HDFC Securities Budget Expectations highlights I From MNREGA, education to affordable housing, all you need to know
Union Budget 2021 comes in at a time when the Indian economy has just started to recover from the severest fall in GDP in recent times and the fiscal situation has expectedly deteriorated sharply due to the pandemic. Many of the key themes in the Budget will revolve around COVID-19, either directly on health issues (vaccines), or regulatory support to sectors most affected (e.g. hospitality, retail, aviation). The FM has raised expectations from the forthcoming Budget.

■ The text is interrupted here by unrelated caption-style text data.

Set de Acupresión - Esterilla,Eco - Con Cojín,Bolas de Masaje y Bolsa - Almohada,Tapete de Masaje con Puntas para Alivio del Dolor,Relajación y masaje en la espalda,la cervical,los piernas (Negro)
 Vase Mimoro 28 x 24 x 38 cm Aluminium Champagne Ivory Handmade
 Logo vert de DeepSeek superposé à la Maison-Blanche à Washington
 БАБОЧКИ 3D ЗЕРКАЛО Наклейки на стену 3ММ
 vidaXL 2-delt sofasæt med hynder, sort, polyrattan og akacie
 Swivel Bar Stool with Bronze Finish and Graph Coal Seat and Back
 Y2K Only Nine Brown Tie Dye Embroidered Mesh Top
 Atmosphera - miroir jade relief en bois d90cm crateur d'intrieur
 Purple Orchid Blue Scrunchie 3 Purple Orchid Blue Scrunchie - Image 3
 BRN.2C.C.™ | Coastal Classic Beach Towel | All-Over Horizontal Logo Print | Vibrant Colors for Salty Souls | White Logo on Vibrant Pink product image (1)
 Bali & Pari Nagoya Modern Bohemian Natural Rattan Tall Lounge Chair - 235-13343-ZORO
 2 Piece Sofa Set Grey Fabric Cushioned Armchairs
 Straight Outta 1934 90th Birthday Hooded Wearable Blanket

Union Budget 2021 comes in at a time when the Indian economy has just started to recover from the severest fall in GDP in recent times and the fiscal situation has expectedly deteriorated sharply due to the pandemic. Many of the key themes in the Budget will revolve around COVID-19, either directly on health issues (vaccines), or regulatory support to sectors most affected (e.g. hospitality, retail, aviation). The FM has raised expectations from the forthcoming Budget. While Direct and Indirect taxes may not offer much scope for reforms, the main focus could be on boosting manufacturing through schemes like PLI and to create jobs.
HDFC Securities expect increased allocation for the social sector: MNREGA, education, affordable housing and health ministries. Spending by Consumers and Businesses (capex) could be given a boost to kickstart quick recovery. To meet the covid vaccine related costs, the FM could introduce a “corona cess”. Disinvestment target for next year is likely to be ambitious as certain planned disinvestments for FY21 spill-over into the next fiscal. Non-tax proceeds are set to disappoint hugely in FY21. For FY22, taxes should bounce back as activity revives and inflation perks up. Non-tax proceeds should see a large jump, led by disinvestment.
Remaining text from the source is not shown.